Scraped caption text data
Segment Open

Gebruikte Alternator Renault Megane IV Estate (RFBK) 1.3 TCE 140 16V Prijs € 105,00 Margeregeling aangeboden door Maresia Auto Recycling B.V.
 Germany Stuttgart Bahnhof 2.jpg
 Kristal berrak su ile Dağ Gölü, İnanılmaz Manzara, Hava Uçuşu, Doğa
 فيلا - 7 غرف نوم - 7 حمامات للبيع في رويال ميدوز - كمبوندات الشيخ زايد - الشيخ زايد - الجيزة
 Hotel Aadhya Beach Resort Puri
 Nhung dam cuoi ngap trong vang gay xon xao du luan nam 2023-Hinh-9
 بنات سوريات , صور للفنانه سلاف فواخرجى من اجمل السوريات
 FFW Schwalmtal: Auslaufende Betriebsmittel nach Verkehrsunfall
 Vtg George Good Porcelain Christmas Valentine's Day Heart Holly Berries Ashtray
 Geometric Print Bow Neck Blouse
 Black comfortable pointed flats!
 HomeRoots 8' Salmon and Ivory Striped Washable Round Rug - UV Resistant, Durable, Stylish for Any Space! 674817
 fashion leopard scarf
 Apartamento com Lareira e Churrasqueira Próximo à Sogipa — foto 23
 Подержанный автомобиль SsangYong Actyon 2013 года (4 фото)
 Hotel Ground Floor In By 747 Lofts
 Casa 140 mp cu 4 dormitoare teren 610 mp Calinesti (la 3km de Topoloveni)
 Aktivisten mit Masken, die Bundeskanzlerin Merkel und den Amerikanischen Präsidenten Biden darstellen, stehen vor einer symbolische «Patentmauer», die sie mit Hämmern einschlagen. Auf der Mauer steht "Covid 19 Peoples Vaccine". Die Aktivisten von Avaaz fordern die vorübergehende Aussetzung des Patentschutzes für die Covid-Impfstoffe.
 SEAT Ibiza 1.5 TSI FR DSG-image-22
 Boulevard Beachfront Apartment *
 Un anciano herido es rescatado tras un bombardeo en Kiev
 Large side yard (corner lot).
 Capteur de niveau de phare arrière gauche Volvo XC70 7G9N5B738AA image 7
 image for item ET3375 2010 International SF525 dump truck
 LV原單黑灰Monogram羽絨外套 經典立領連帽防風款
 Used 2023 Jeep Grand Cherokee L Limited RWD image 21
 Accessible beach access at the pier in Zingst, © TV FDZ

Segment Closed

**Task statement**: Show a copy of each line from the records above in which the string "Hotel" occurs.

**Your response**:
 Hotel Aadhya Beach Resort Puri
 Hotel Ground Floor In By 747 Lofts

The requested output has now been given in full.